Excerpt taken from OMCAR

Balaji’s work  in the mangroves of Tamil Nadu , include ecological mangrove restoration, children environmental education programmes, fisher woman empowerment programmes, research and coastal ecology fieldtrips, coastal cleaning programmes and many more activities. Besides mangroves, Balaji is also interested conservation of other coastal habitats such as sea grasses and their fauna and flora found within them. Although he was only in Singapore for three short days, Dr. Balaji was still happy to give help out in Rick’s project in Mandai and also gave short talk on his foundation in NUS. Needless to say, Balaji is truly  a remarkable individual and we enjoyed his short presentation on his foundation’s work at the end of his visit in Singapore.
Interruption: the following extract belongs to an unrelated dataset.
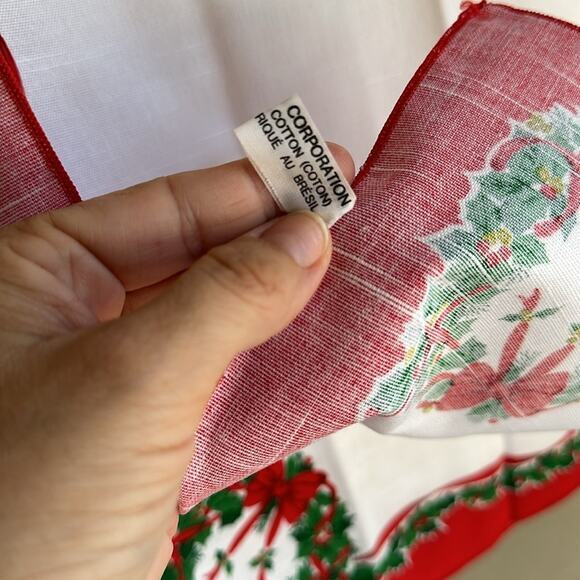 Sun weave Linen Corp vintage Christmas wreath napkin‎ Holiday set of 8 - Picture 3 of 4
Balaji (right) being introduced to attendees of his talk by Mangrove Man (left)

Balaji talked about rehabilitation of mangrove trees on edges of a canal

We hope both Iona and Balaji will come back to Singapore and share more stories with MAS and the public. Thank you, Iona and Balaji!


Introducing Mangrove Mafias of Singapore

Mangrove Action Squad (MAS) has been initiated by  Mangrove Mafias of Singapore, namely ‘Mangrove Surveyor'(right), ‘Mangrove Man'(middle) and ‘Mangrove Warrior'(left). Let’s have a brief introduction of these mafias…..

‘Mangrove Man’ is THE MAN and the brains behind MAS! A Leader and mastermind behind mangrove research projects in Singapore, he ‘rules’ the mangroves with his ultimate weapon being his Iphone 4 with 3G and his laptop.When he’s in field, his preferred choice of weapon would be that of a drill; setting up SET (Surface elevation table) plots in the mangroves! He is also an Indiana Jones wannabe however lacks the bullwhip and deep knowledge of ancient civilizations!

‘Mangrove Surveyor’ is the mafia apprentice.  Total station is his ultimate weapon  to rule mangroves, particularly Mandai mangroves. He is currently mapping the vegetation and surface elevation of Mandai to investigate spatial patterning of tree species in relation to surface elevation.

‘Mangrove Warrior’ is the mafia who is exceptionally good in fieldwork. Having experienced fieldwork in terrestrial forests,  he roams the mangroves without fear (especially during low tides) and carries out various experiments both in lab and on field. Although he has various weapons to defend his body of work, a pair of binoculars is the best tool to represent his weaponry as he is a keen observer of the mangroves.